• Task item
Copy all lines below exactly as written. Leave pictures out.

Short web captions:

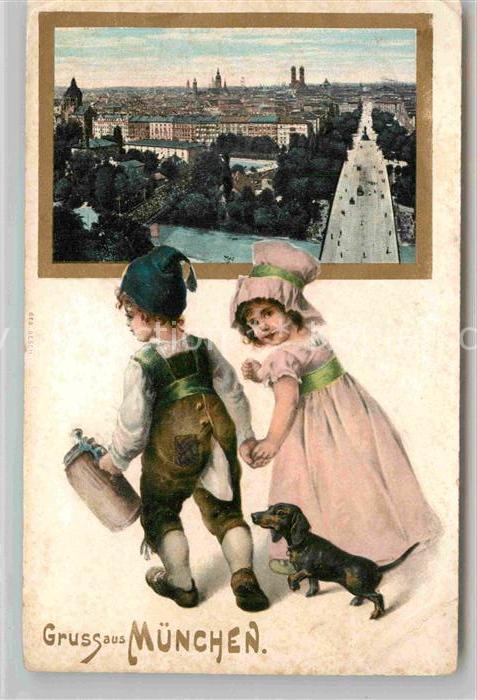 Muenchen Bayern Gesamtansicht Kleiner junge und Maedchen mit Dackel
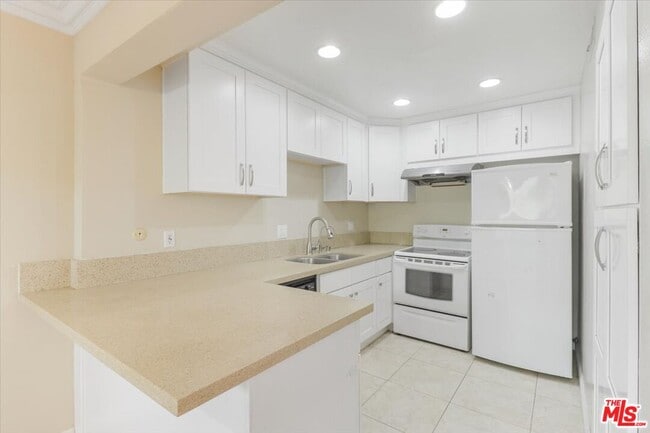 Photo - 449 W Duarte Rd Condo Unit 7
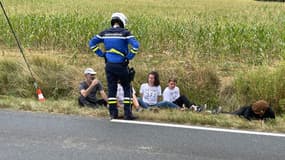 Tour de France : les militants écologistes du mouvement "Dernière Rénovation"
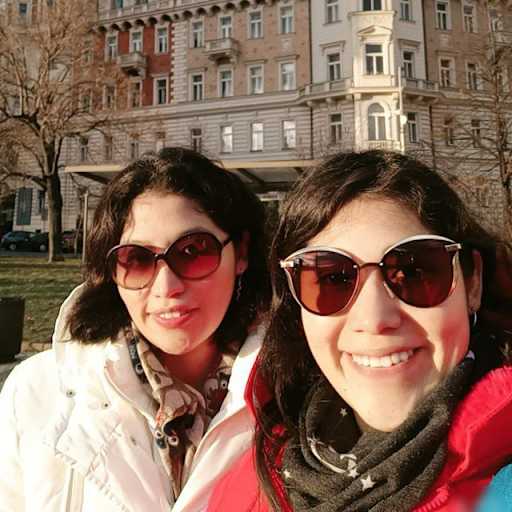 Profile image for pet sitters Fabiola & Alexandra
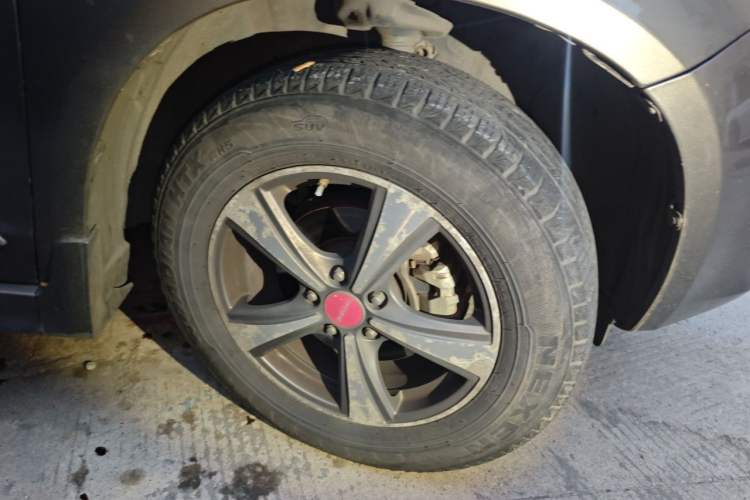 Used Haval H6 2013 Upgraded Model 1.5T Manual Two-Wheel Drive Elite Version Right Front Wheel Hub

• Output below
 Muenchen Bayern Gesamtansicht Kleiner junge und Maedchen mit Dackel
 Photo - 449 W Duarte Rd Condo Unit 7
 Tour de France : les militants écologistes du mouvement "Dernière Rénovation"
 Profile image for pet sitters Fabiola & Alexandra
 Used Haval H6 2013 Upgraded Model 1.5T Manual Two-Wheel Drive Elite Version Right Front Wheel Hub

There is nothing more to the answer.